Recently, western electronic music has started to overlap with the sounds coming out of Japan and Korea. Take PC Music, whose sugary melodies and notion of this synthetic pop star borrows heavily from K-pop. And even more notably, North American and European producers like Ryan Hemsworth and Gold Panda have both musically and vocally expressed their affection for the sounds of the Orient, with the former collaborating with Japanese singers Tomggg and Qrion.

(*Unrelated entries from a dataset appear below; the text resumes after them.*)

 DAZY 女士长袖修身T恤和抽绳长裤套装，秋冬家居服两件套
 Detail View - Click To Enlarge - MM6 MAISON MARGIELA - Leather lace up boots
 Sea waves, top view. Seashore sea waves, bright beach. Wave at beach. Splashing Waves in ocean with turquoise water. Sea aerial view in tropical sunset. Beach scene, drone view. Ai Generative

Cuushe, the production and vocal project of Mayuko Hitotsuyanagi, has followed up 2013’s Butterfly Case with Night Lines. Written and recorded mostly in Tokyo, the EP acts as a little storybook for the busy, nocturnal lifestyle of a city that she loves, as much as fears. ‘Many parties are held, where people are connected but unconnected. It’s easy to feel alone, [but] feeling lonely makes me stronger. Night Lines tells a story of loneliness, instability and strength’ –she told Dazed. So in many ways this is an autobiographical EP, projecting her owns sense of self and identity through the sights and sounds of the city that shaped them.

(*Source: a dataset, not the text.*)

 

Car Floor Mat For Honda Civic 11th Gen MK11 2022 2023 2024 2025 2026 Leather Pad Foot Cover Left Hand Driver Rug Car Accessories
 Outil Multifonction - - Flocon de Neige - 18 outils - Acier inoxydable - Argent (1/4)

Hitotsuyanagi is a producer before she is a singer. It’s not that she isn’t a pleasant vocalist, but more the way she treats these vocals, bending them into the backdrop of the song at times as if they are an extra instrument. The refrain on ‘Tie’ is so muffled that it could easily be played by a synthesiser, whilst on ‘Daze’, its used as much as rhythmic tool as it is melodic, like we’re listening to the chopped, uneven sounds of a sequencer. And despite the glossy sheen that covers these songs, they are still busy, complex productions. Hitotsuyanagi is excellent at building these intense, rich textures that feel fully formed and filled with character, without ever really striving to be so. The recurring synth motif that runs throughout the steady ‘Shadow’ is almost hypnotic like some kind of tuneful metronome that’s catchy, but you couldn’t exactly hum the tune. ‘Daze’ is the closest Night Lines gets to danceable, with the dull thud of a kick drum barely escaping out of this thick layer of scattered synths. It’s the sort of song you’d listen to a few days after a heavy night, where the memory of the club is still too raw to face, but too cherished to completely let go. These songs are complicated without ever really sounding complicated, and this illusion of simplicity allows these songs to twist, unfold and move around in your mind and heart naturally and of their own accord.
These kind of woozy, ambient soundscapes create this impression of a dream-like state where the synths, vocals and percussion can be some kind of protective barrier between you and reality. Hitotsuyanagi has often related her music to dreams, speaking about it as this powerful, ethereal agent capable of not only moving her listeners, but actually transporting them into these profound states of otherworldliness. On face value, you’d be forgiven to thinking these songs were nothing more than mood setters - songs to accompany the thoughts and emotions you’re already feeling, rather than provoke any on their own. ‘I just want to close my eyes’, she repeats on ‘Shadow’, ‘we just can’t keep going’ she sings on ‘We Can’t Stop’, her voicing cracking and straining just out of tune. She sings with the kind of weariness reserved for the jaded and the exhausted, as if the only thing more painful than the tensions and complexities of her circumstances is the knowledge that she can’t do anything about it. There are times where Hitotsuyanagi’s voice barely resembles a whisper, almost as if the notes and tones coming out of her mouth are just a natural, semi-conscious exhale. It results in this kind of accidental intimacy, like the movements and processes of her mind have involuntarily been turned into sounds.
Cuushe is a project that is rich in identity. Whether it’s her candid interviews, or collaborations with artists to create visual companions to her songs, or more simply; the unique way she writes, records and performs, you still feel like you know her through her music. So even if the lyrics are unintelligible, or the vocals so ambient that you can’t distinguish them from a synth or a guitar, you still feel like you know exactly what she’s saying.